Thomas Hirschhorn palmt een vleugel van het Bonnefanten-museum in met een ‘anarchistische’ school. Absolute vrijheid is de zin van zijn kunstenaarschap.

Een museum is ook een school. Wat er wordt bewaard, vinden we niet alleen mooi, we leren er ook uit. Althans, zo wilden het de grondleggers van het moderne publieke museum in de late achttiende eeuw. Wie wel eens een museum bezoekt, weet dat hij er nooit alleen zal zijn. Altijd zullen schoolkinderen, in het zog van klasleraar of gids, zijn pad kruisen. In het tabaksmuseum, het museum voor oude kunst of het schoolmuseum. Daar representeren zorgvuldig geselecteerde objecten al het memorabele uit het verleden. Een museum voor actuele kunst kan dat per definitie niet. Wat vandaag gemaakt wordt, kan over tien jaar misschien niet meer de moeite waard gevonden worden. Dat blijkt pas duidelijk wanneer de trend van de dag eenmaal overgewaaid is.

Het Bonnefantenmuseum in Maastricht bezit een collectie oude kunst waarin Rubens en Van Dyck, Jordaens, Pieter Aertsen en Pieter Brueghel de Jonge de rijkdom van de Zuid-Nederlandse schilderkunst van de vijftiende tot zeventiende eeuw etaleren. De consensus dat het om belangrijke kunstenaars gaat, is algemeen. In de collectie ‘hedendaagse’ kunst horen al enkele vaste waarden thuis. Marcel Broodthaers en Joseph Beuys, die al dood zijn. Bruce Nauman, Richard Serra en Luciano Fabro, die het leeuwendeel van hun oeuvre voltooid hebben. Internationaal betwist haast niemand hun artistieke waarde, noch hun plaats in het museum. De vragen rijzen bij de jongere generaties. Van Fons Haagmans, Roman Signer of Joëlle Tuerlinckx kocht en toont het Bonnefantenmuseum omvangrijke ensembles. Dit terwijl de discussie over het belang van hun werk nog in volle gang is.

Dat zovele musea voor actuele kunst met een nijpend tekort aan depotruimte kampen, komt niet alleen omdat installaties meer plaats vragen dan schilderijen, maar ook omdat er zoveel gekocht wordt. Als we wachten tot de kunstenaar renommee heeft, kunnen we zijn werk niet meer betalen, zo luidt vaak de verdediging van die kooplust. En ook dat is nu eenmaal waar. Musea met actuele collecties vertonen in de regel de neiging om riskante dingen te doen. Hun keuzes zijn nogal eens ingegeven door kortstondig enthousiasme, niet door de wijsheid van afstandname.

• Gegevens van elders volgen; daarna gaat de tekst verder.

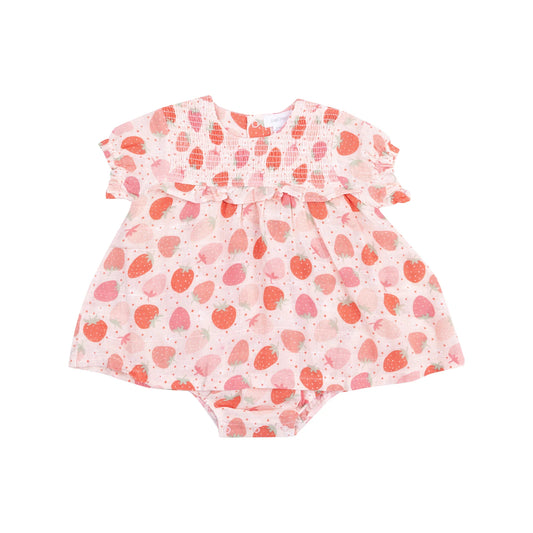 ANGEL DEAR Smocked Ruffle Bubble with Skirt - - Strawberry Bliss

Maar hoe kan het anders? Dag in dag uit bezig met het volgen en tonen van de gevoeligheden van het moment, happen ze toe als ze de kans schoon zien. Het is sterker dan henzelf. En ze beseffen het wel. Ze weten dat ze zondigen tegen de klassieke opvatting van kwalitatief kiezen, de historische selectie van het waardevolle, het nastreven van consensus en universaliteit. Ze dromen van een uitgepuurde opstelling van uitgelezen esthetische objecten in smetteloze ruimtes, en komen voor de dag met flauwe compromissen. Behalve dan, soms, in tijdelijke tentoonstellingen. Maar daar heb je geen museum – toch in de eerste plaats een bewaarplaats van objecten – voor nodig. Een kunsthal volstaat daartoe ruimschoots.

Mateloosheid

Thomas Hirschhorn (48) behoort tot het slag van internationaal gereputeerde kunstenaars die al bij voorbaat zelf hun plaats in het museum op de helling zetten. Ze wijken radicaal af van de standaardverwachtingen inzake kunstproductie en musealisering. Hun aanwezigheid in het museum is dan ook meestal slechts van voorbijgaande aard. In een buitengewoon energieke campagne produceerde Hirschhorn onlangs een enorme janboel waarmee hij voor de duur van vijf maanden (tot 11.9) maar liefst 1000 m2 tentoonstellingsruimte in het Maastrichtse Bonnefantenmuseum opeist. Zijn Anschool ziet er op het eerste gezicht uit als een ietwat oubollige maar niettemin modieus antiglobalistische of anarchistische school. Daarin recycleert hij 15 ‘installaties’, gemaakt tussen 1992 en 2004, op een productieve manier.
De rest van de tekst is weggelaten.